Folding@Home Client Shutdown.

Re: Weird Issue

Posted: Thu Oct 14, 2010 5:11 pm
by 7im
Have you ever run the MemtestG80 test program on your GPU?

Re: Weird Issue

Posted: Thu Oct 14, 2010 10:11 pm
by tank1023
7im wrote:Have you ever run the MemtestG80 test program on your GPU?
No, I've used ATI to test my cards before.

Re: Weird Issue

Posted: Thu Oct 14, 2010 10:56 pm
by codysluder
Although this request is specifically addressed to owners of ATI 4000/5000 GPUs, the same software works for your GPU. I recommend that you try it.
viewtopic.php?f=51&t=16119

I know you said you were running at stock clocks, but reducing the clock rate still might help, particularly if you have low voltages or too much heat in your case.
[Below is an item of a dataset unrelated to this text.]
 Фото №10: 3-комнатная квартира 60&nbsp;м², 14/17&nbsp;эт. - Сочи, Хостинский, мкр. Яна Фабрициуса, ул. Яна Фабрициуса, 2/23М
Better cooling might help, too. What's your fan speed?

Re: Weird Issue

Posted: Fri Oct 15, 2010 4:16 am
by tank1023
Temps are 56c this 260 runs way cooler then my 275's.
I posted this problem over at EVGA's forums, I didn't realise this but alot of people are having issues with theses WU's and the 200 series cards. Is this a know issue by Stanford?

Re: Weird Issue

Posted: Fri Oct 15, 2010 4:34 am
by PantherX
tank1023 wrote:...I didn't realise this but alot of people are having issues with theses WU's and the 200 series cards. Is this a know issue by Stanford?
If you mean that Project 5768 is "problematic" for 200 Series GPU, then I have folded ~ 104 of these WUs on my GTX 260 without any issues.

Re: Weird Issue

Posted: Fri Oct 15, 2010 6:40 pm
by tank1023
PantherX wrote:
tank1023 wrote:...I didn't realise this but alot of people are having issues with theses WU's and the 200 series cards. Is this a know issue by Stanford?
If you mean that Project 5768 is "problematic" for 200 Series GPU, then I have folded ~ 104 of these WUs on my GTX 260 without any issues.
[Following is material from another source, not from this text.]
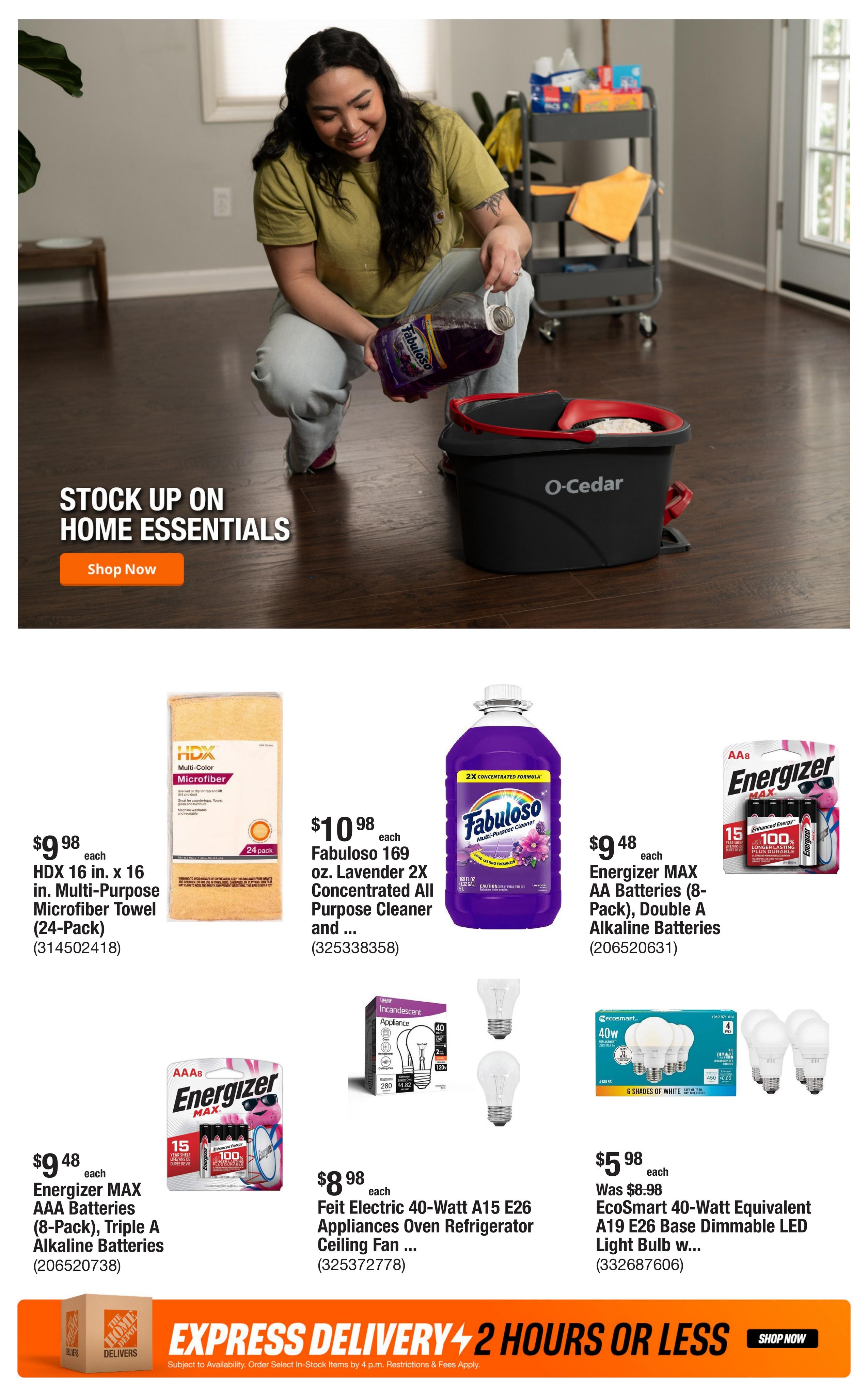 Home Depot (Agate Area, CO) Weekly Ad October 8 - 22, 2026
Then that confuses me further. I've only been folding for a year and a half but I've never run into this issue before. This card folded for months without any issues, then I put it in a different rig and now I'm having issues.
Do you think it could be a driver issue cause I did just download the latest NVIDA Beta drivers?

Re: Weird Issue

Posted: Sat Oct 16, 2010 1:52 am
by bruce
There seem to be almost constant changes to GPU drivers right now. Many of those changes are game-specific and don't change anything for FAH.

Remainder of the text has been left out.